• [Data shown]
+ + + + + + +

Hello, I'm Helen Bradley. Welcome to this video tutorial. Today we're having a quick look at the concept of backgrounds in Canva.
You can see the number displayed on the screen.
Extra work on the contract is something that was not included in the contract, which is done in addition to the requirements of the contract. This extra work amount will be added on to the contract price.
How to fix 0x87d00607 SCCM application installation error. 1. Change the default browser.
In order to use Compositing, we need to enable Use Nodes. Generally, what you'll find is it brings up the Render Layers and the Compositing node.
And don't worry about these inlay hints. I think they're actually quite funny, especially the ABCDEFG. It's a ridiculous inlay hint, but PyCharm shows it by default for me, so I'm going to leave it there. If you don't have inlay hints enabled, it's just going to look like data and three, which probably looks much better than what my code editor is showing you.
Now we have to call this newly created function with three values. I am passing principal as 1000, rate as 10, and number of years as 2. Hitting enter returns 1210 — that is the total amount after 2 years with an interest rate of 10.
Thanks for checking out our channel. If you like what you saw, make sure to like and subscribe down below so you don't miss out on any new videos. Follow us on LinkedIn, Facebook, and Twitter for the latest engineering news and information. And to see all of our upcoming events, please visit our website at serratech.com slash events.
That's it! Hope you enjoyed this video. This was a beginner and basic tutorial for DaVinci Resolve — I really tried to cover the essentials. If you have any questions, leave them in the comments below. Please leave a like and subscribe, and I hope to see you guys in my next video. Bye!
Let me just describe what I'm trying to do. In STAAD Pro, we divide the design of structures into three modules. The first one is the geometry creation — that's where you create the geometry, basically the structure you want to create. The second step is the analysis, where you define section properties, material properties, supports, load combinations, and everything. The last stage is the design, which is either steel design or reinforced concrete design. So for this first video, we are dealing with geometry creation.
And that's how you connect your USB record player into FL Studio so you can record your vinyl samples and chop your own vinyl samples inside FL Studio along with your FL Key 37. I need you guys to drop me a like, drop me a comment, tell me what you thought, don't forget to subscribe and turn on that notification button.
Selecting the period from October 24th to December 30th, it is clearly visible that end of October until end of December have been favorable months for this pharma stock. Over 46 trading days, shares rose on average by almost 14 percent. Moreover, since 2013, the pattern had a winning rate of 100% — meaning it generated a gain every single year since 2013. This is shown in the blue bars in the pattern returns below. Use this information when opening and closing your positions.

+ + + + + + +

• [Task to carry out]
Go through the entries above and pull out each line with "tutorial" in it.

• [Written answer]
Hello, I'm Helen Bradley. Welcome to this video tutorial. Today we're having a quick look at the concept of backgrounds in Canva.
That's it! Hope you enjoyed this video. This was a beginner and basic tutorial for DaVinci Resolve — I really tried to cover the essentials. If you have any questions, leave them in the comments below. Please leave a like and subscribe, and I hope to see you guys in my next video. Bye!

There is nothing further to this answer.